» Supplied data

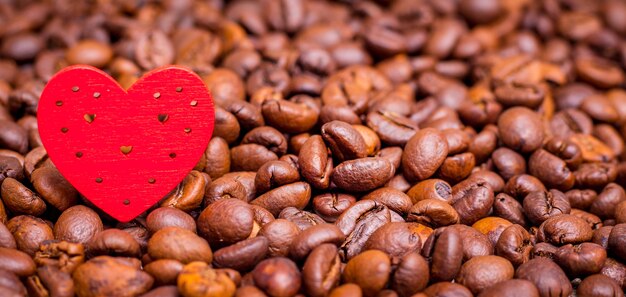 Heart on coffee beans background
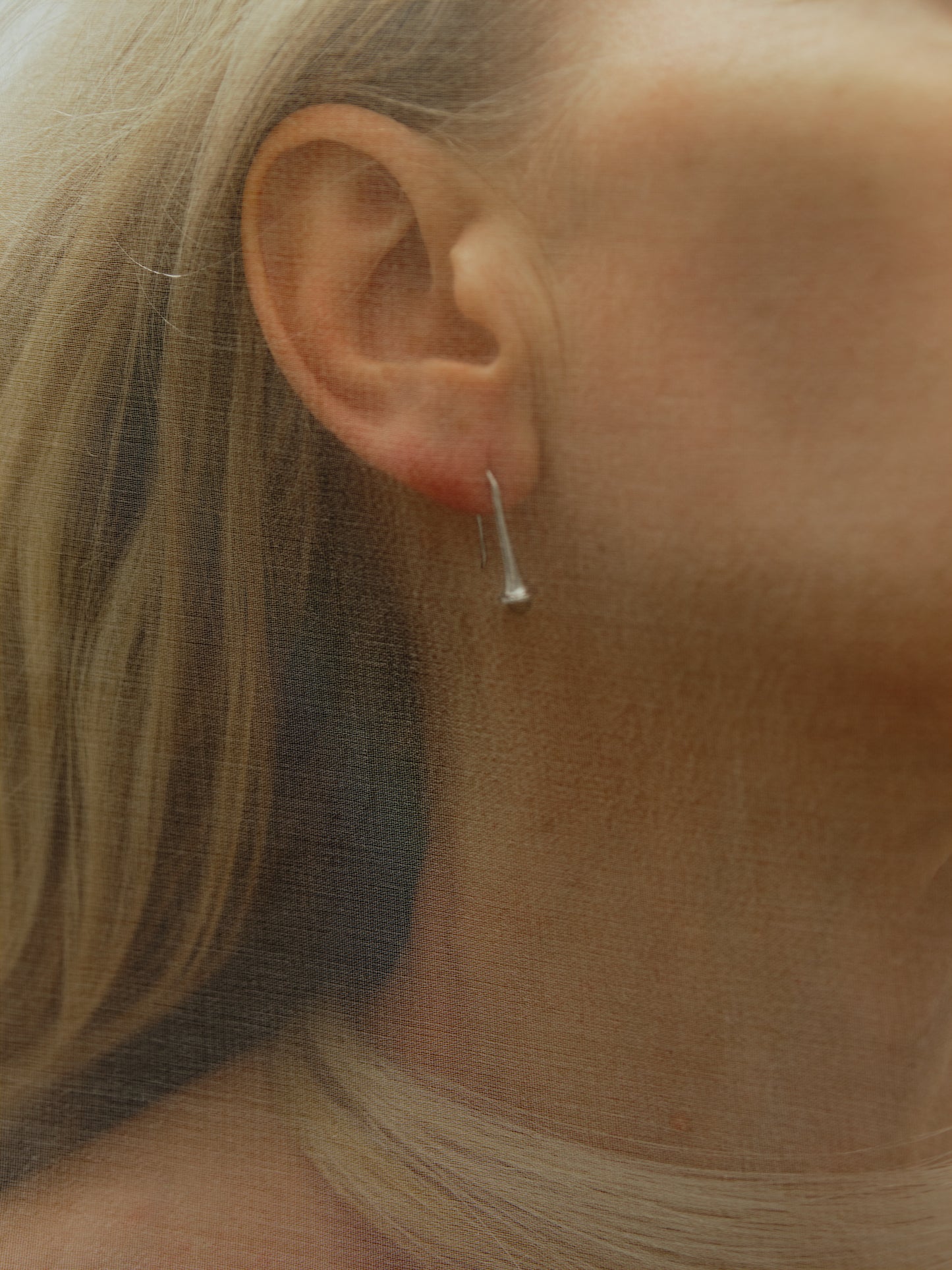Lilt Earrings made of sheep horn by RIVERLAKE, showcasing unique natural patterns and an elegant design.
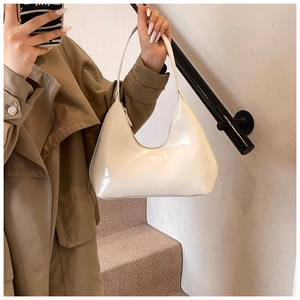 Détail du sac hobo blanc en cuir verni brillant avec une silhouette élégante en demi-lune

» Task item
Give back all the data exactly, minus pictures.

» Task answer
 Heart on coffee beans background
Lilt Earrings made of sheep horn by RIVERLAKE, showcasing unique natural patterns and an elegant design.
 Détail du sac hobo blanc en cuir verni brillant avec une silhouette élégante en demi-lune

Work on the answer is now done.